Would you please print exactly the lines that run from the one with "2024 Bmw 330i xDrive photo 2" to the last line of the data, both included, without any pictures?

[[ GIVEN RECORDS open ]]

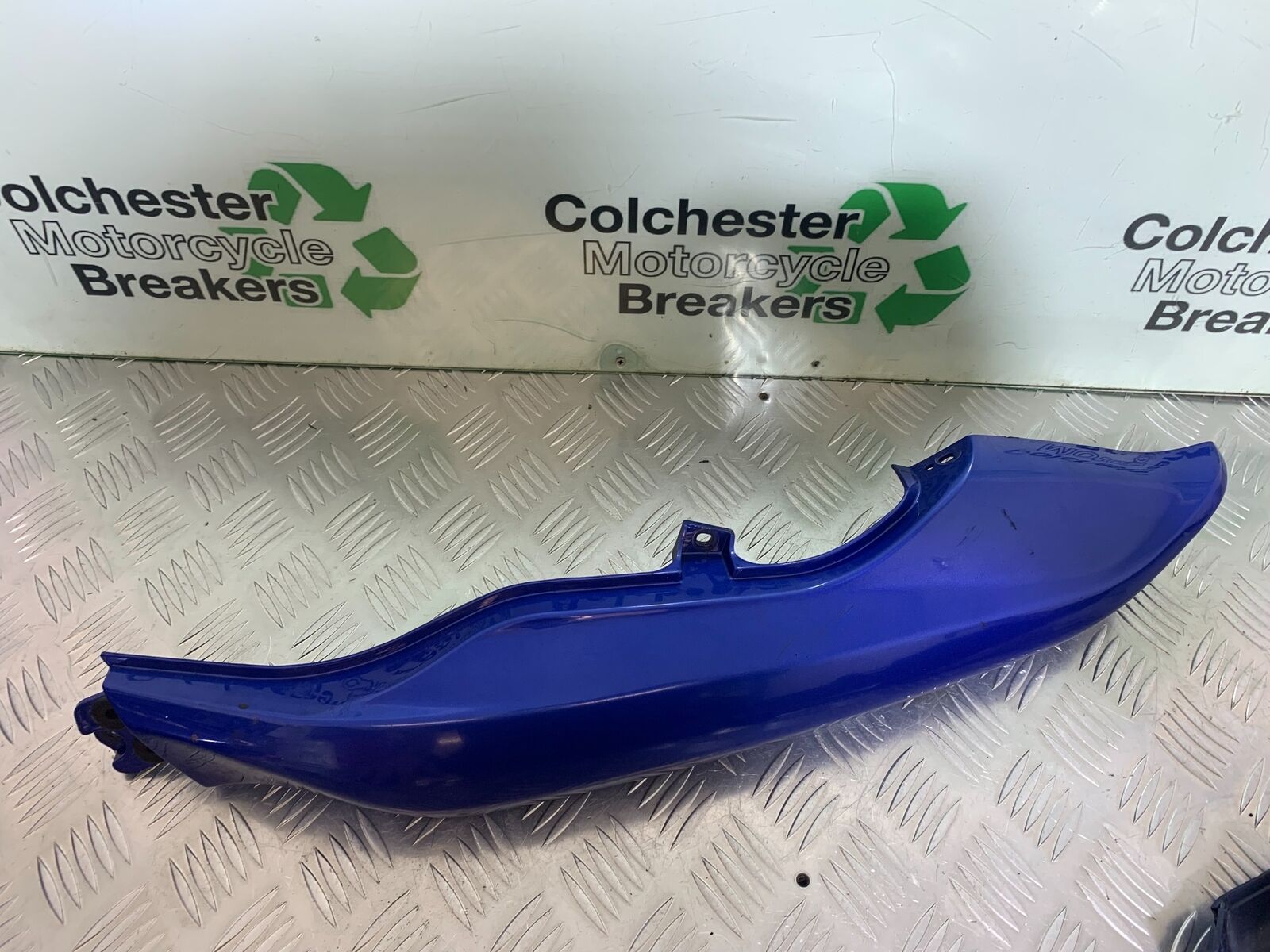 KAWASAKI ER5 ER 5 LEFT TAIL PIECE   YEAR 1997-2007 (CMB1003)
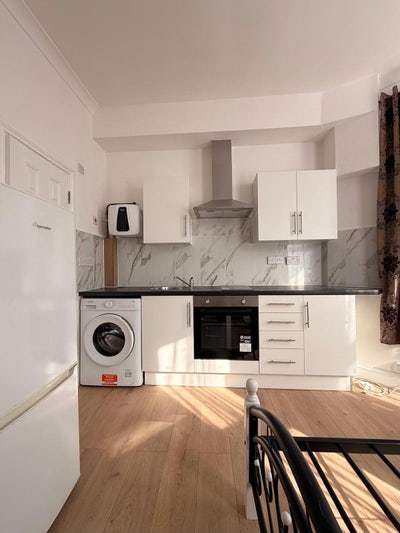 Bright & Spacious Studio Flat – Available Now  Main Photo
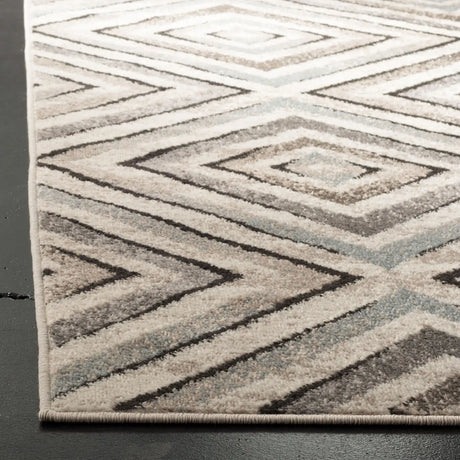 Safavieh Amsterdam 4'-0" x 6'-0" Rug in Cream / Beige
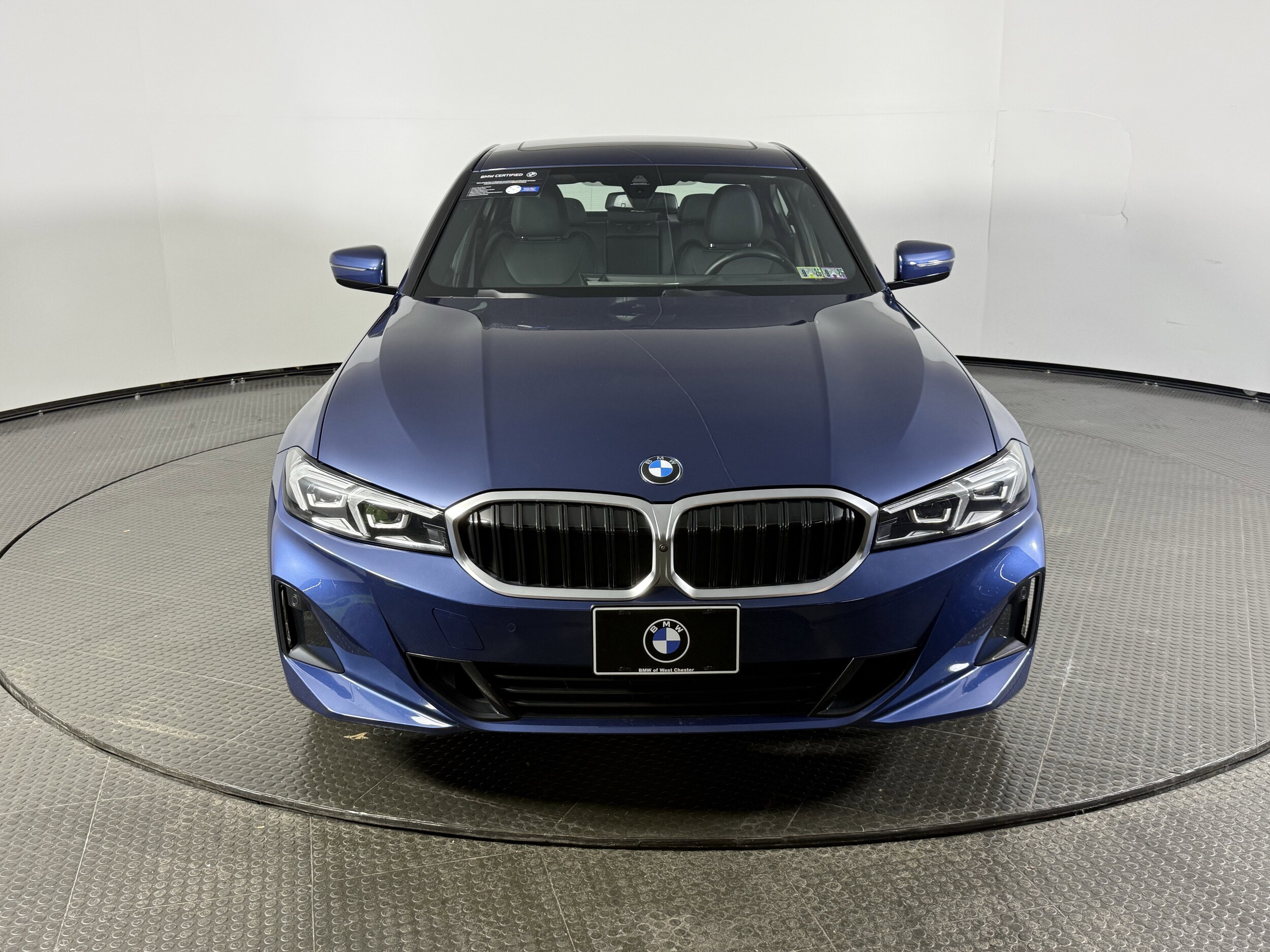 2024 Bmw 330i xDrive photo 2
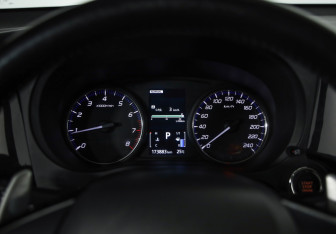 Подержанный автомобиль Mitsubishi Outlander 2016 года (12 фото)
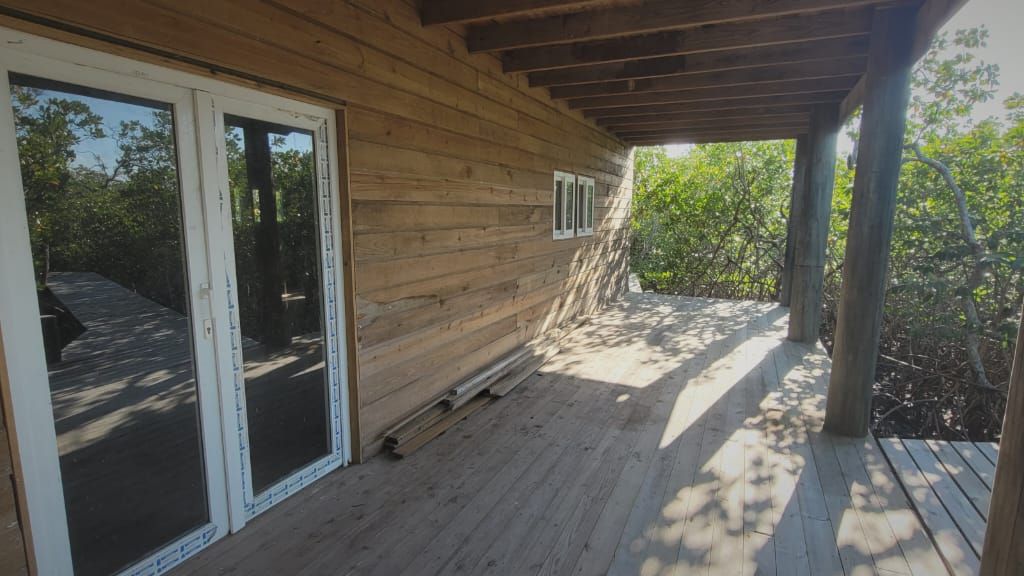 Listing ID: URE0377, Lower Lagoon Utila, Bay Islands, HN - Unique Opportunity in rare setting, Photo #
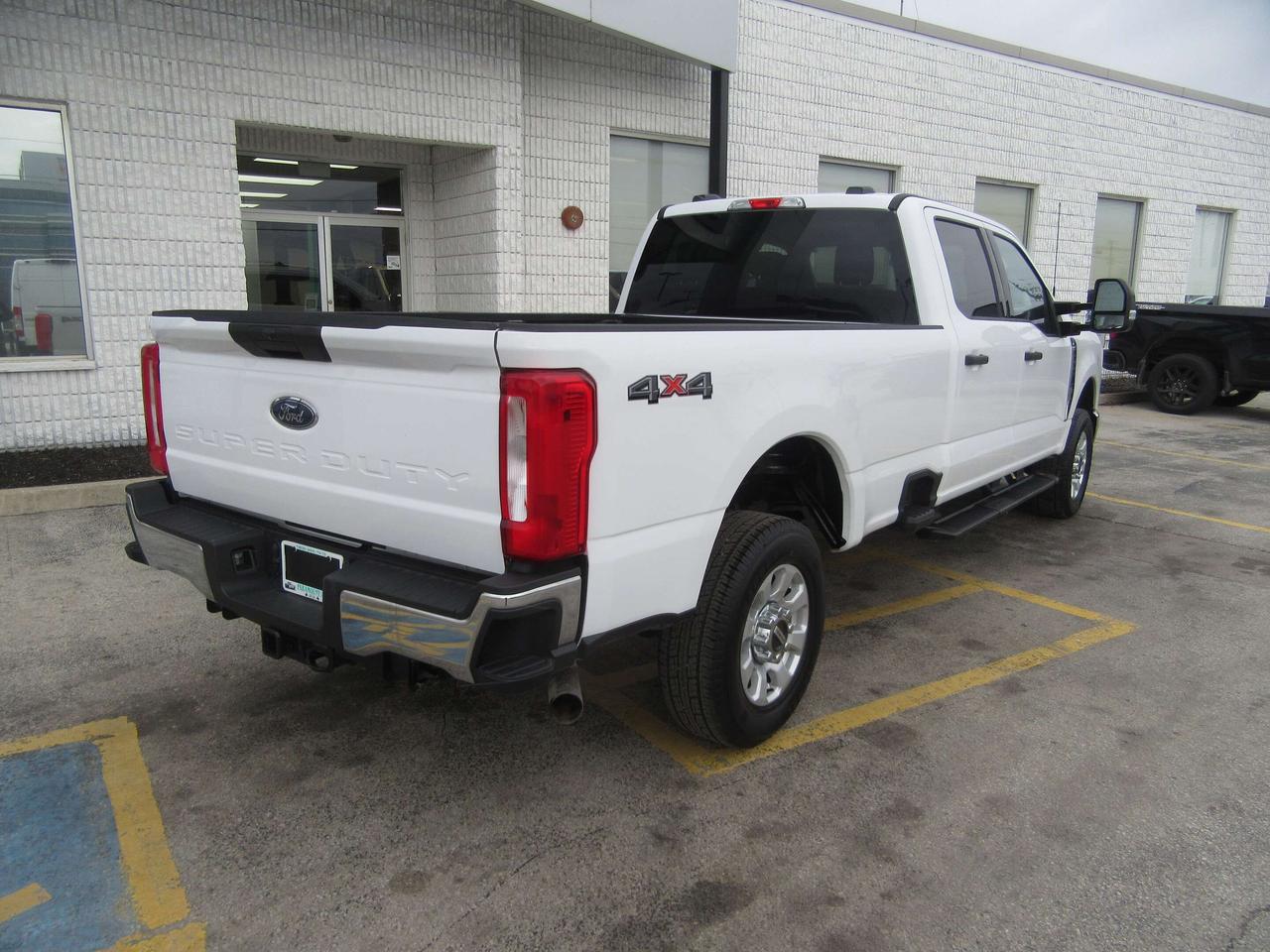 2024 Ford F-350 CREW CAB XLT 4X4 8FT LONG BOX Photo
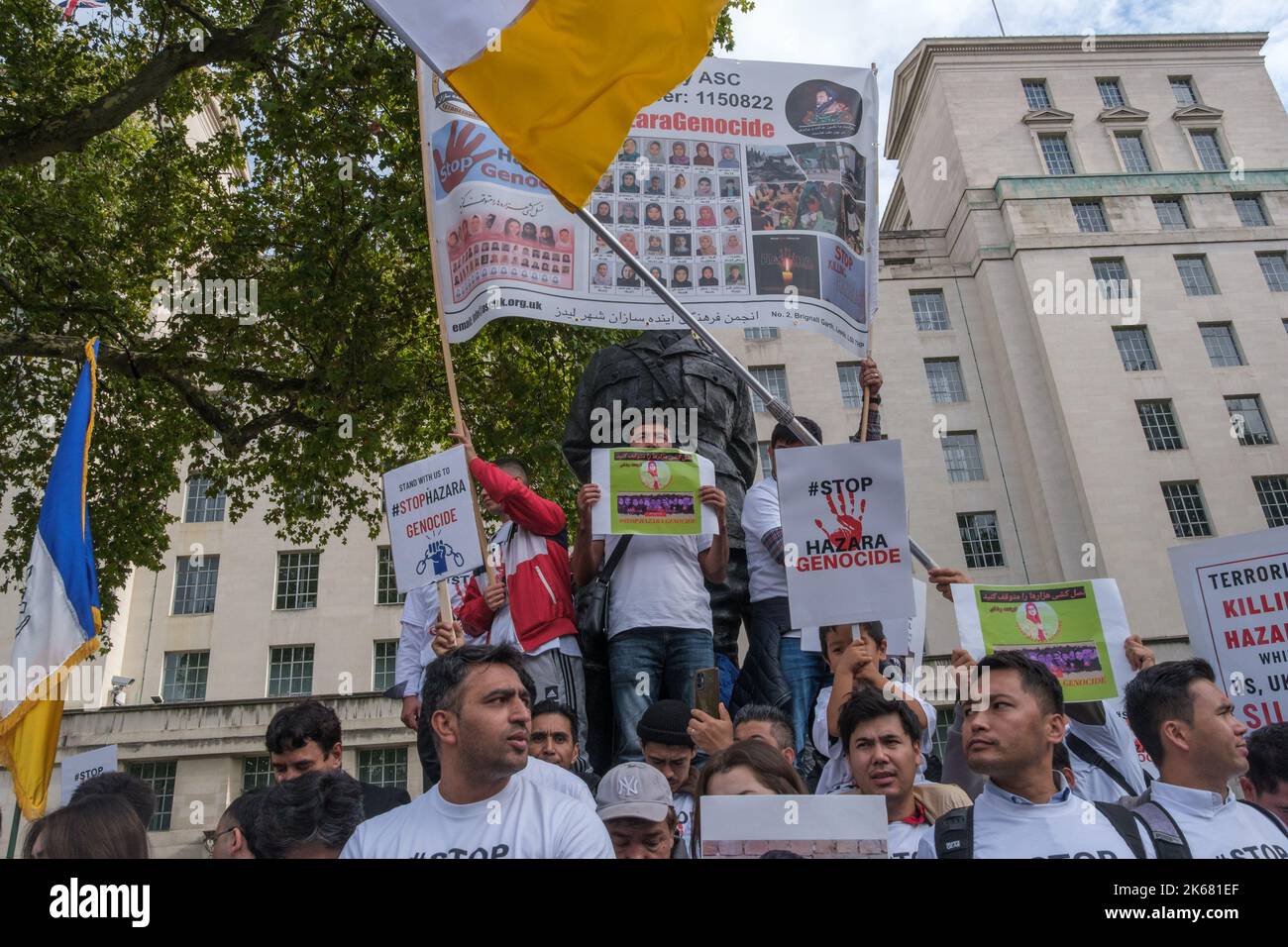 Londra, Regno Unito. 12th Ott 2022. La comunità Hazara dell'Afghanistan protesta contro Downing St. Sono stati sottoposti a periodi estremi di persecuzione come musulmani sciiti dal diciannovesimo secolo e la loro schiavitù è stata vietata solo negli anni '1920s. L'invasione del 2001 ha migliorato il loro status e in particolare il loro accesso all'istruzione, ma l'ascesa dello Stato talebano e islamico dal 2015 ha portato a molti attacchi contro di loro. Il 30 settembre un attentato suicida ha ucciso almeno 53 adolescenti in una classe scolastica. Credit: Peter Marshall/Alamy Live News Foto Stock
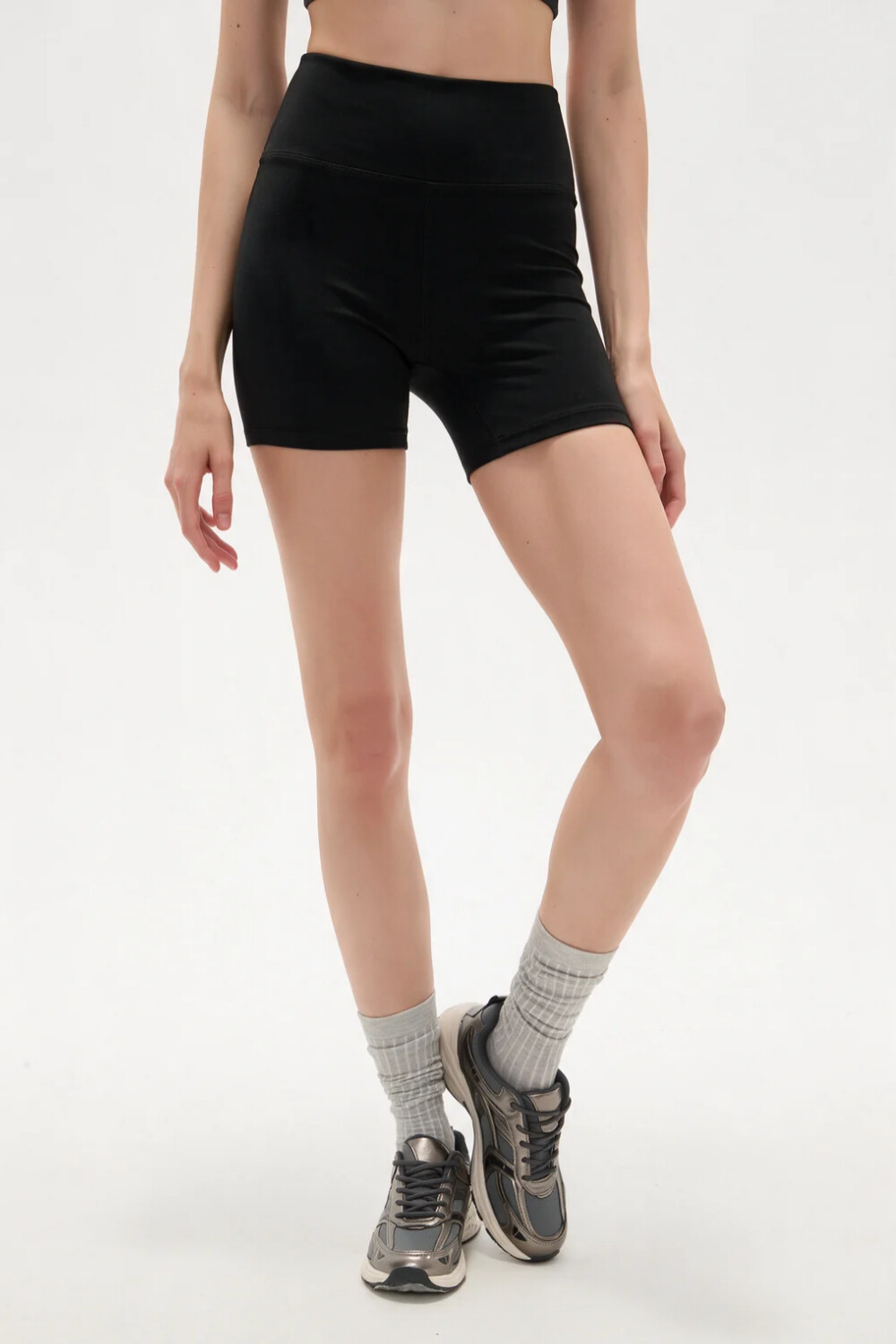 Short Ruvo Negro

[[ GIVEN RECORDS closed ]]

* RESPONSE TO THIS EXERCISE *
 2024 Bmw 330i xDrive photo 2
 Подержанный автомобиль Mitsubishi Outlander 2016 года (12 фото)
 Listing ID: URE0377, Lower Lagoon Utila, Bay Islands, HN - Unique Opportunity in rare setting, Photo #
 2024 Ford F-350 CREW CAB XLT 4X4 8FT LONG BOX Photo
 Londra, Regno Unito. 12th Ott 2022. La comunità Hazara dell'Afghanistan protesta contro Downing St. Sono stati sottoposti a periodi estremi di persecuzione come musulmani sciiti dal diciannovesimo secolo e la loro schiavitù è stata vietata solo negli anni '1920s. L'invasione del 2001 ha migliorato il loro status e in particolare il loro accesso all'istruzione, ma l'ascesa dello Stato talebano e islamico dal 2015 ha portato a molti attacchi contro di loro. Il 30 settembre un attentato suicida ha ucciso almeno 53 adolescenti in una classe scolastica. Credit: Peter Marshall/Alamy Live News Foto Stock
 Short Ruvo Negro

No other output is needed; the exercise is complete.